Left: Marsters at Wizard World Minneapolis on May 3, 2014. Right: Marsters as Spike on Buffy the Vampire Slayer. Adam Bettcher for Getty Images; The WB

Every now and then there is a pop culture moment so huge, it forces a semi-dormant fan base to roar back to life. The Buffyverse recently experienced one of these massive in-community controversies when former Buffy star Sarah Michelle Gellar was asked during a Reddit AMA if she was Team Angel or Team Spike.

Had the internet been as omnipresent when Buffy the Vampire Slayer originally aired (from 1997–2003), this question would have been asked and answered a zillion times over, so fans of Joss Whedon’s seminal series were glued to their computer screens as Gellar typed, in all caps, “ANGEL.”
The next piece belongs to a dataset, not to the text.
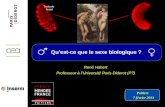 René Habert Professeur à lUniversité Paris-Diderot (P7) Quest-ce que le sexe biologique ? Poitiers 7 février 2013 Testicule foetal Ovaire foetal.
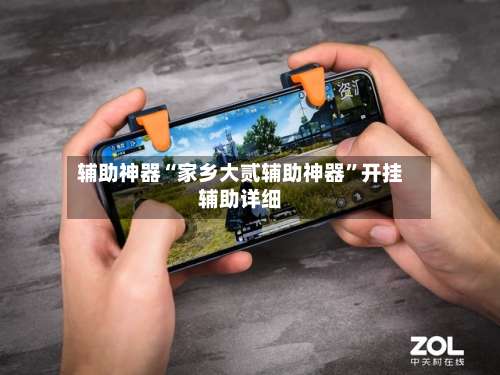 辅助神器“家乡大贰辅助神器	”开挂辅助详细-第2张图片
Angel, played with a brooding intensity by David Boreanaz, was Buffy’s first love, but subsequent seasons paired The Slayer — somewhat controversially — with James Marsters’ Spike, an unapologetically bloodthirsty vampire whose redemption became a driving force in the show’s final years. The fandom had long been split over who was truly worthy of Buffy’s heart, but with five letters, Gellar let us all know where she stood.

“Well, I have to say, I really messed with her a lot, so perhaps there’s more to her choice than just what happened on the show,” Marsters told BuzzFeed during a recent interview. “I grew up as a subversive artist, and you have to be so polite to the lead on a film all the time — whether they’re nice or not — so something about that stuck in my craw and I would, sometimes, lovingly mess with her. It’s mean, but I couldn’t help myself. So, maybe I understand why she said that.”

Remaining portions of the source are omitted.